**Task goal**: Repeat every record below exactly, but leave out any pictures.

**Records for this exercise**:

>>

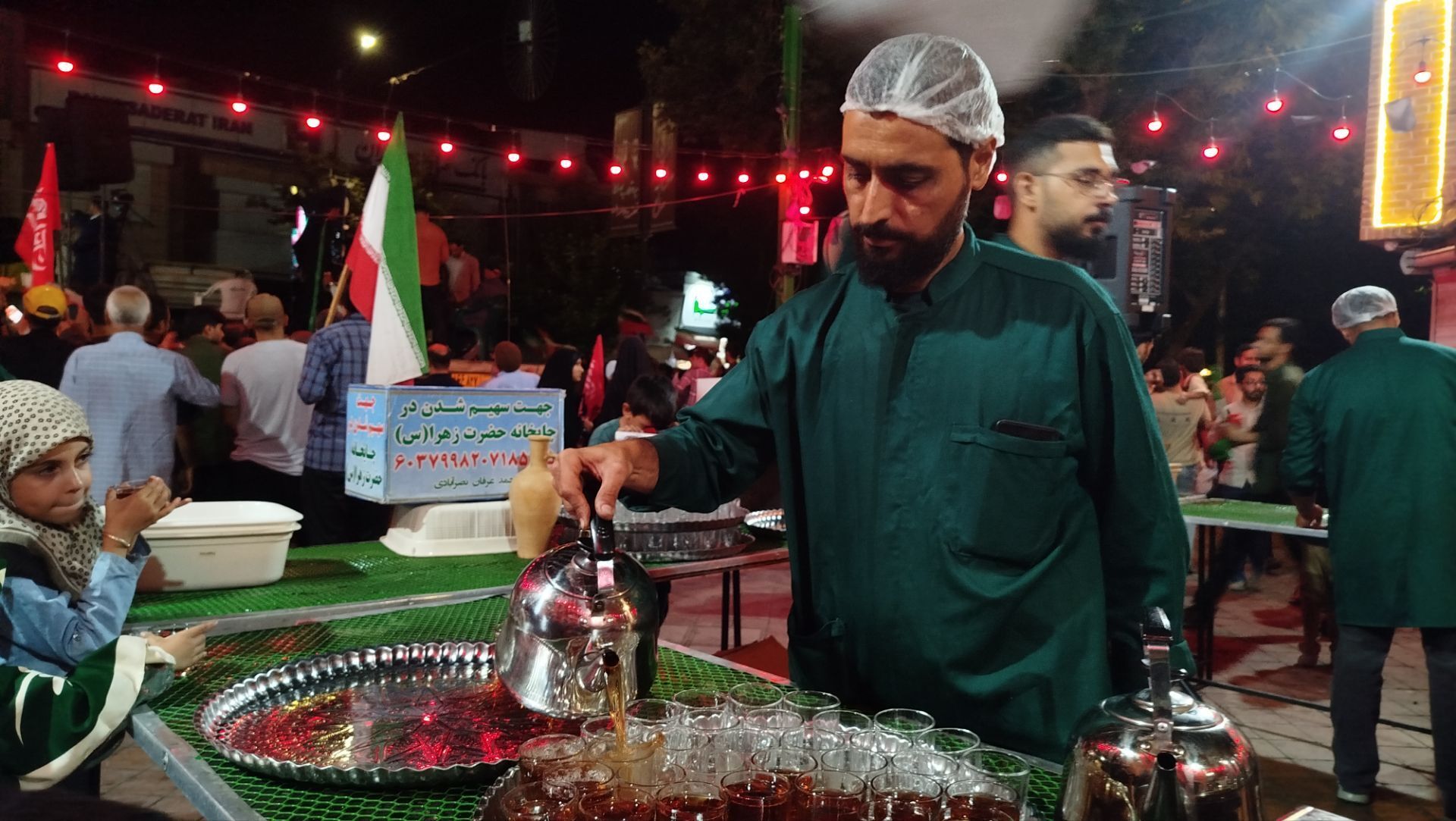 در یاد ۱۶۸ شهید، در خدمت عزاداران؛ حضور پررنگ چایخانه حضرت زهرا در اجتماع ۱۶۸ شب نیشابور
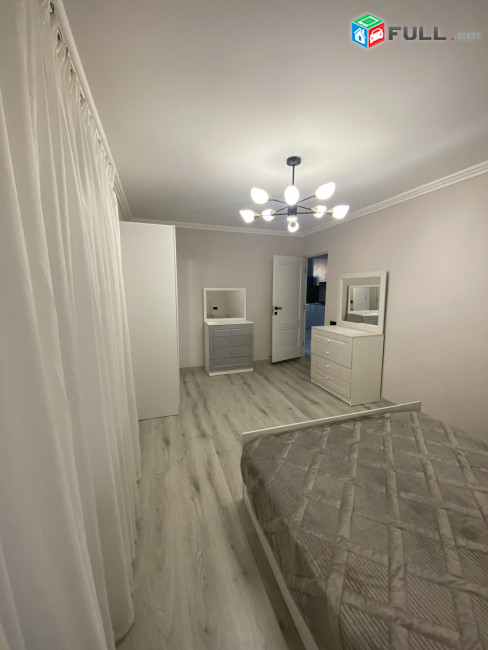 Կոդ FH263  Աբովյան փողոց 4 սեն. բնակարան / for rent Abovyan st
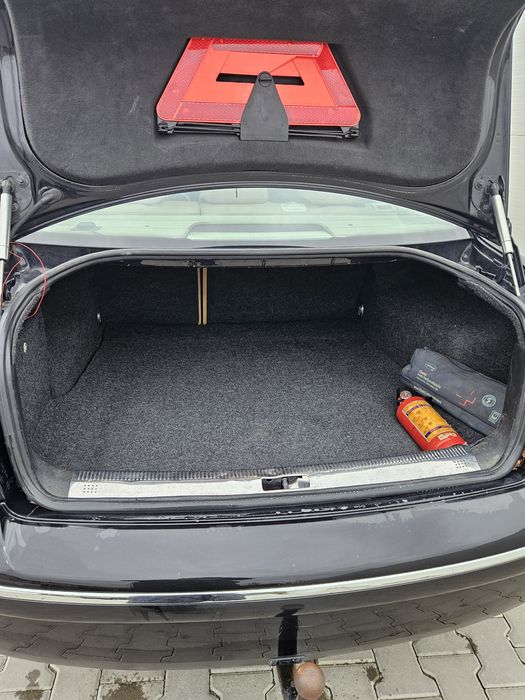 Volkswagen Passat B5.5 2004.  4×4 diesel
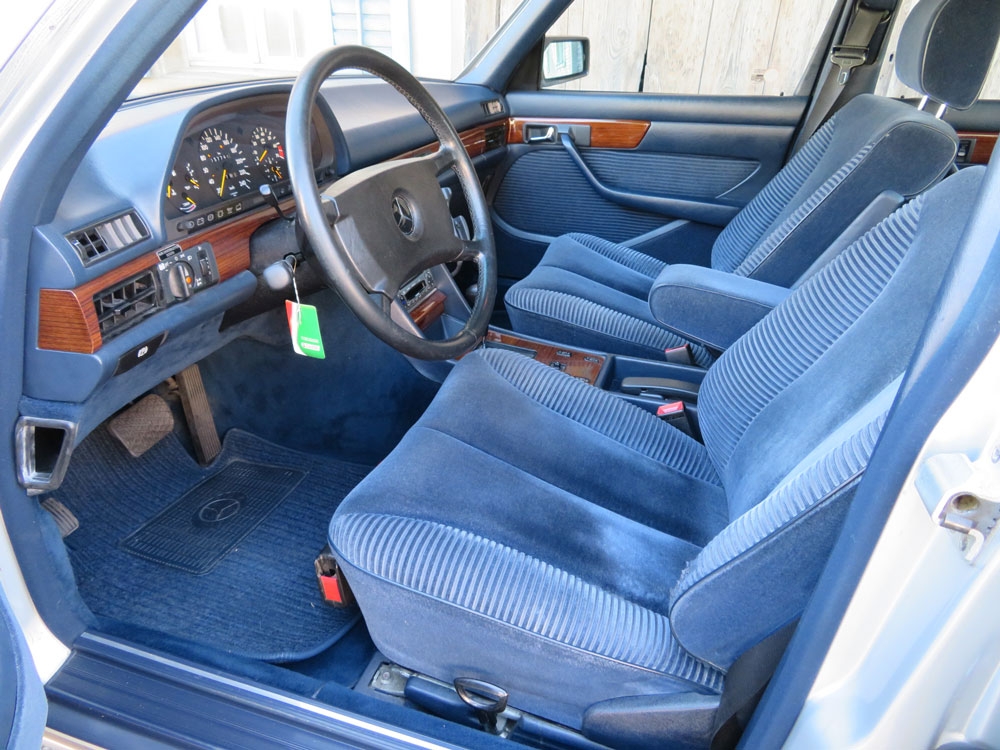 Mercedes-Benz 300 SE Limousine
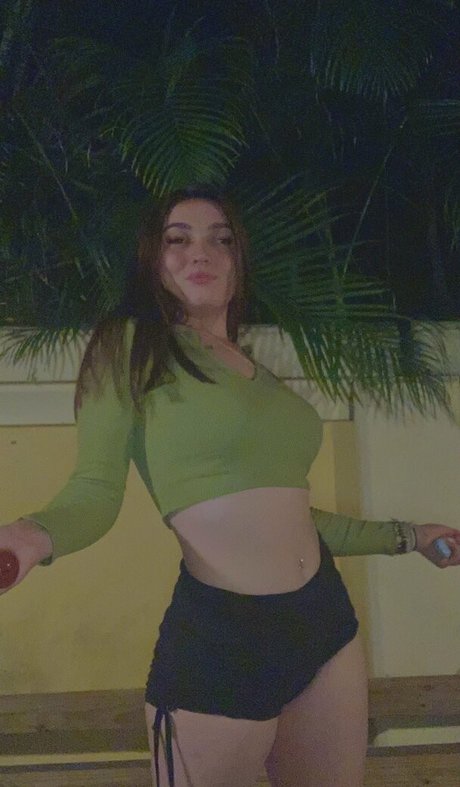 Hotwifechar mannequin des photos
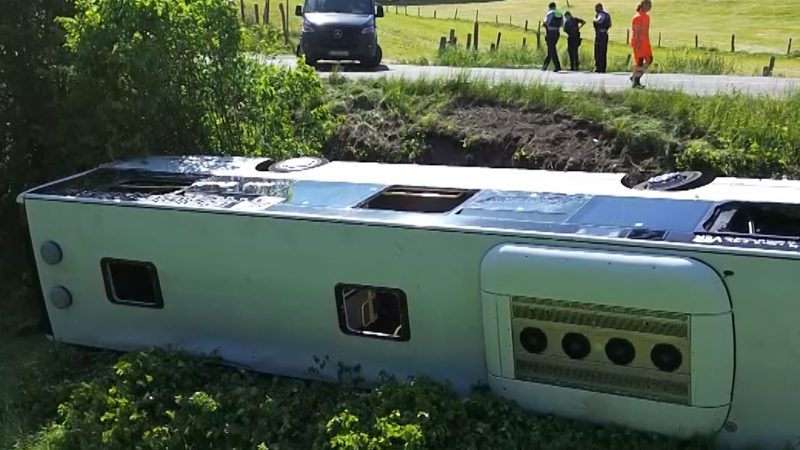 Kollision zwischen Sprinter und Linienbus (Foto: SAT.1 NRW)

<<

**Task solution**:
 در یاد ۱۶۸ شهید، در خدمت عزاداران؛ حضور پررنگ چایخانه حضرت زهرا در اجتماع ۱۶۸ شب نیشابور
 Կոդ FH263  Աբովյան փողոց 4 սեն. բնակարան / for rent Abovyan st
 Volkswagen Passat B5.5 2004.  4×4 diesel
 Mercedes-Benz 300 SE Limousine
 Hotwifechar mannequin des photos
 Kollision zwischen Sprinter und Linienbus (Foto: SAT.1 NRW)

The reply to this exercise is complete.